====== DATA PROVIDED ======
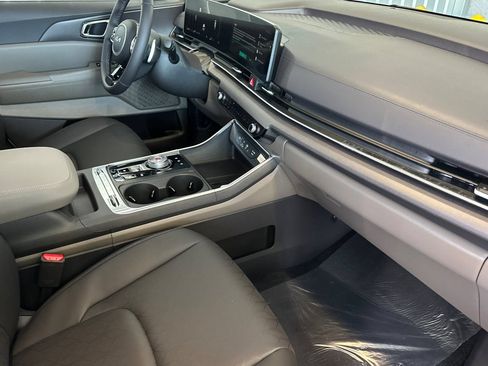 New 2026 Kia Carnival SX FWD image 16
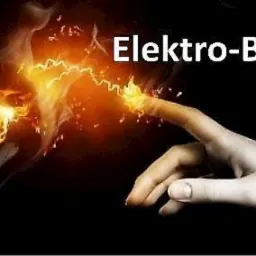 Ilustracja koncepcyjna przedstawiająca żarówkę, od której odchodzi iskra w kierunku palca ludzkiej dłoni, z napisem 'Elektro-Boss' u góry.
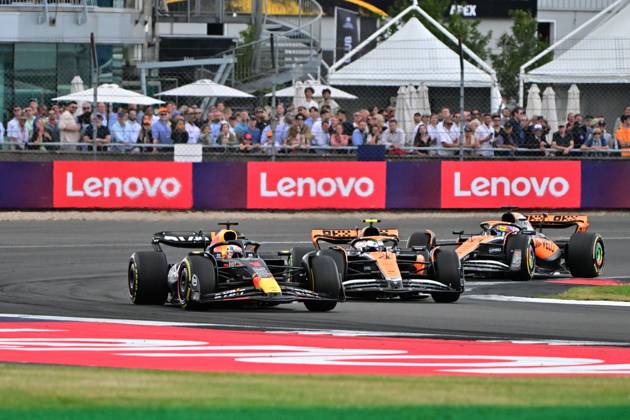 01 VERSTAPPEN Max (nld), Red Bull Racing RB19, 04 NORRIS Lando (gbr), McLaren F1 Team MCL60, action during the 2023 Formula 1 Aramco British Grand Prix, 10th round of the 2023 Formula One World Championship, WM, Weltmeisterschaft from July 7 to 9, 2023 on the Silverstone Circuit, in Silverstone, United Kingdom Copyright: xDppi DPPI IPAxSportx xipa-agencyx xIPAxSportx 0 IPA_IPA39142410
======
====== DATA PROVIDED ======
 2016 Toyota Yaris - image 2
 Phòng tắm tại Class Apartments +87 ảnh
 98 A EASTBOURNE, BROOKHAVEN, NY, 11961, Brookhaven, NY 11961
======
Your answer should be the lines above, from the line containing "2016 Toyota Yaris - image 2" up to and including the line containing "98 A EASTBOURNE, BROOKHAVEN, NY, 11961, Brookhaven, NY", reproduced exactly and with nothing else.

 2016 Toyota Yaris - image 2
 Phòng tắm tại Class Apartments +87 ảnh
 98 A EASTBOURNE, BROOKHAVEN, NY, 11961, Brookhaven, NY 11961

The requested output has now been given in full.